Future AGI provides Deterministic Eval that evaluates outputs by comparing them to predefined rules or expected patterns. It checks whether:
- The output consistently adheres to a given rule prompt.
- It meets the structure or format defined by the evaluation (e.g., multiple-choice validation).
- Variability in output is minimised when the same input is provided.
Key Features of Deterministic Eval:
- Rule-Based Validation: Uses a customisable rule prompt to define the criteria for evaluating outputs.
- Multiple Choice Handling: Supports evaluation for tasks that involve multiple-choice questions.
- Customisable Inputs: Works with flexible input types and can be adapted for various AI-generated outputs, such as text, conversation, or image.
Click here to read the eval definition of Deterministic Eval
a.

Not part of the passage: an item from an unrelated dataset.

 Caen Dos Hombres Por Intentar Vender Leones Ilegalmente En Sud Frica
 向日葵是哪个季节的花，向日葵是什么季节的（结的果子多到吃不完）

Using Interface
Required Parameters
- Input: The input to be evaluated.
- Choices: A set of predefined options for multiple-choice questions (if applicable).
- Rule Prompt: A rule or set of conditions that the output must meet (e.g., “Output must include X if input includes Y”).
- MultiChoice: A Boolean value indicating whether the output should be treated as a multiple-choice question.
The result is a set of choices provided by the user of the output’s adherence to the deterministic criteria.